Meeting with the Pope to discuss 'Global Common Good'

Senior Lecturer in International Development, Dr Séverine Deneulin, was one of a select group of international experts to be invited to the Vatican to discuss how societies can create more inclusive economies at an event convened by Pope Francis last week.

With nearly half of the world’s population living on less than $2 a day, the invitation-only event ‘Global Common Good’ brought together leaders and experts from around the world to discuss and debate how a more inclusive economy could be forged.

Dr Deneulin, from our Department of Social & Policy Sciences, whose research focuses on the ethics of development policy as well as the role of religion within international development, was one of only 40 individuals invited. The stellar guestlist included leading economists, central bankers, Nobel Prize winners; as well as heads of international and intergovernmental organisations, plus NGOs.

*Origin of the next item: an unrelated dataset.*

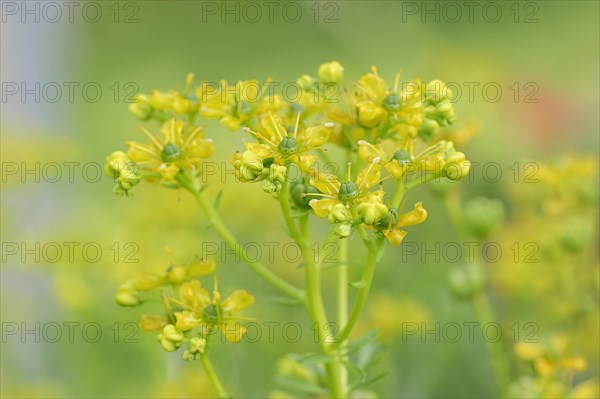 Common Rue or Herb-of-grace (Ruta graveolens)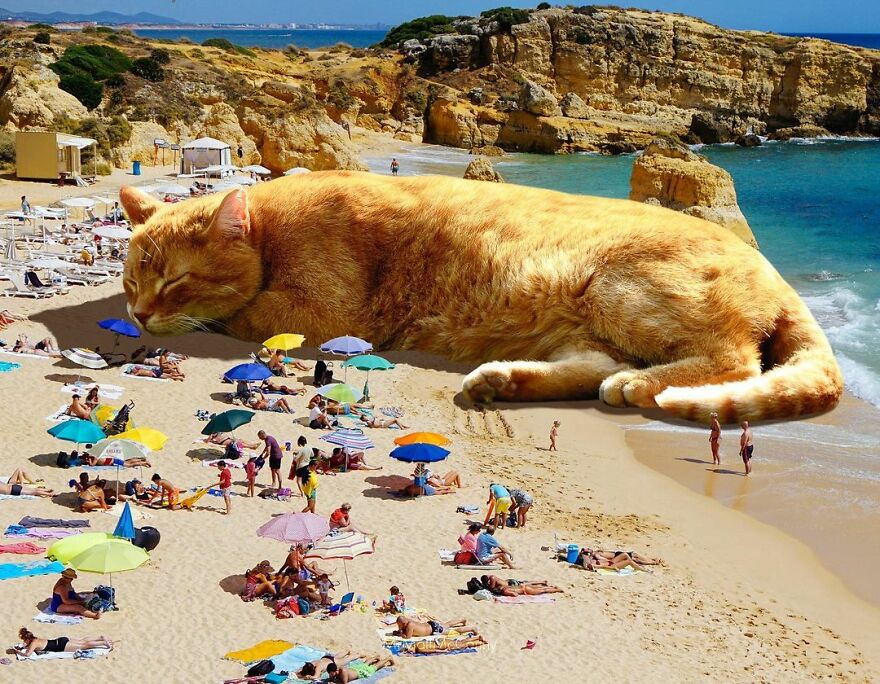 Artist Shows What It Would Be Like If The World Were Inhabited By Giant Cats (92 New Pics)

Pope Francis continues to raise in public questions about how the global economy can extend benefits to all and reverse the gaping inequalities and exclusions evident around the world. Earlier this year, he challenged global business and financial communities to contribute more to the debate “by putting their skills at the service of those who are still living in dire poverty.”

Through the work of its Pontifical Council for Justice and Peace, the Catholic Church aims at facilitating a better understanding of how to improve the shared lot of humankind within a globalised economy, and how to set a governance and regulatory global framework to put human dignity and the natural environment at the core of policy decisions.

During her sabbattical, Dr Deneulin will research ways of strengthening the voice of those living in marginalised areas of Buenos Aires, and work towards establishing better policies that create a more just and integrated city.

Commenting on the experience Dr Deneulin said: “It was a great privilege to be part of such a high profile event, with global leaders spending two days together to reflect on what they could do given their position of responsibility in the global economy and international governance.   

“As an academic, my contribution to the debate was to stress the need to restore hope and highlight the activities and initiatives already taking place which put people and the environment, and not financial gains, as their ultimate objective. Given my work around social ethics and public policy in Latin America, I also emphasised the importance of strengthening the political voice of the marginalised and excluded people to transform the unjust structures which keeps them in poverty."

This week, Dr Deneulin heads to the Pope’s homeland, Argentina, on sabbatical leave. There she will research ways of strengthening the voice of those living in marginalised areas of Buenos Aires, and work towards establishing better policies that create a more just and integrated city.